Les automobilistes de Lubumbashi sont inquiets face à la persistance de la vente à compte-goutte de carburant dans les stations-service du chef-lieu de la province du Haut-katanga. Interrogés vendredi 14 janvier par le reporter de Radio Okapi, certains ont affirmés que des grandes stations-services ont fermé leurs portes peu avant 16 heures locales, les obligeant à s’approvisionner auprès des revendeurs communément appelés Kadaffi. 

Cette situation s’observe depuis la semaine dernière. Devant plusieurs stations-service, les files des véhicules s’allongent. Les automobilistes qui attendent  d'être  servis en vain deviennent  impatients et anxieux.

Plusieurs d'entre eux sont obligés de s’approvisionner chez les Kadaffi qui revendent un litre d’essence à 3000 francs congolais (1.5 USD) voire plus, alors que dans les stations-services, les automobilistes l’auraient eu à 2100 francs congolais (1.1USD).

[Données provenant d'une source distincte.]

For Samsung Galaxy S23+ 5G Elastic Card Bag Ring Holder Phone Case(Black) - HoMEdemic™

A la suite de cette pénurie de carburant, les chauffeurs des taxis et taxis bus ont revu à la hausse le prix de la course qui est passé du simple au double.

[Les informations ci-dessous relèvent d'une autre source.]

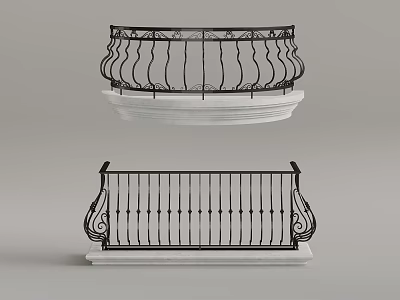 Decorative Black Railings With Circular And Rectangular Designs And White Bases 3d model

Les pétroliers disent attendre toujours la publication, par le gouvernement, de la nouvelle structure des prix; ce qui les éviterait à travailler à perte.  Ces derniers estiment que les prix des produits pétroliers devraient être revu à la hausse dans cette région, à cause des difficultés que connait ce secteur.

Faisant suite à la demande d’audience formulée par la fédération des entreprises du Congo groupement du Haut-Katanga auprès du premier ministre pour parler des difficultés du secteur pétrolier dans la zone sud, le ministre de l’économie nationale a convoqué pour mardi 18 janvier une réunion avec le banc pétrolier.  Un seul point est inscrit à l’ordre du jour à savoir, la révision de la structure des prix des produits pétroliers dans les trois zones d’approvisionnement.

En attendant les retombées de cette réunion du mardi prochain, la situation sur le terrain risque de s’aggraver. Car, selon certaines sources, plusieurs pétroliers font de la rétention des stocks. Ils ne veulent pas écouler tous leurs produits au prix de 2100 francs  congolais (1.1 USD) le litre, sachant que dans quelques jours les prix pourraient changer.